Serving the Public
Michael Overton is a public administration scholar on a mission to improve the way governments and non-profit organizations are managed.
While the University of Idaho assistant professor’s research focuses on the intersection of local government management, economic development and taxation, he is always looking to better understand how technology and data analysis can be applied in unique ways to benefit the public.
Overton’s research has been published in top-tier public administration journals and funded by many organizations. His most recent major project – Community development block grant activities and local economic development – was funded by the U.S. Department of Housing and Urban Development. Despite these achievements, Overton said what he really wants is to be able to look back on his career and say he made a positive and lasting impact on local communities.
Called to Serve the Community
Overton’s journey into public service at U of I has been anything but conventional. After initially graduating with a bachelor’s degree in music from the University of North Texas in 2007, the Texas native soon realized he might have overestimated his musical talents. He returned to his alma mater three years later, entering the school’s Master of Public Administration program before earning his doctorate in the same field.
“I wanted to do something more,” he said. “I loved the idea of this quiet life with dignity, which is what careers in public service really do — although, I don’t know if quiet is the right word to describe my life.”
Overton has made his fair share of noise in the field.
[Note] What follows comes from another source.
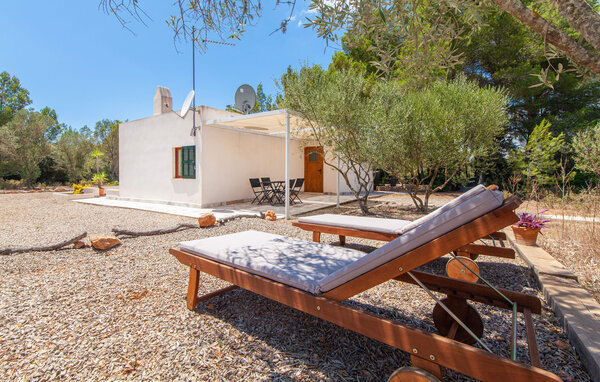 Ferienhaus - Ruris, Algaida , Spanien - EMF951 6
He was a Hatton W. Sumners Scholar during graduate school, won the 2015 Toulouse Dissertation Award in Social Science at UNT and more recently, was selected as a junior scholar through the Lincoln Institute of Land Policy’s Scholars Program and an American Society of Public Administration Founders Fellow.
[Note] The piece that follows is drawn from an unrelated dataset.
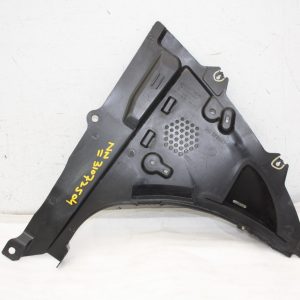 BMW X1 U11 Front Right Side Lower Cover 2022 ON 51719465704 Genuine *DAMAGED*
Following his graduation in 2015, Overton worked in the public sector as a transportation planner for the North Central Texas Council of Governments and later as a grant manager for a public hospital foundation.
Despite success in both jobs, he hoped to make a broader impact on society. His chance arose in fall 2017 at the University of Idaho.
Teaching the Next Generation of Local Leaders
“I think U of I drew me in because it’s the kind of place where as long as you have the vision and drive, you can make it your dream job,” Overton said. “This university is looking for smart people that are hard workers who want to develop their programs — coming here was a natural fit.”
As an assistant professor in the Department of Politics and Philosophy, Overton teaches courses on local government politics, administration and budgeting.
He tries to teach his students how to apply abstract concepts learned in the classroom to real- world issues and events, utilizing his experience in the public sector.
“My previous jobs really allowed me to take the ‘ivory tower’ perspective on what was important and put those theories into practice,” he said. “At U of I, I am influenced by the idea of what is actually important, what is going to help local government managers or public sector individuals do their jobs better.”
One way he does this is by connecting with students in ways that work for them – which has included a local government class that uses episodes of the television show “Parks and Recreation” instead of a textbook.
As he moves forward, Overton said his research has started to focus more on local governments’ use of data, as well as their ability to understand and interpret certain information.
“My purpose behind coming to the University of Idaho isn’t just to research and be a good scholar under the U of I banner,” he said. “It’s to develop a program that really helps Idaho and communities in the Pacific Northwest.”
Overton’s project, “Community development block grant activities and local economic development ” is funded by the U.S. Department of Housing and Urban Development under Award Number H-21678 CA. The total anticipated amount of federal funds for the project is $243,763, which amounts to 100 percent of the total cost of the project.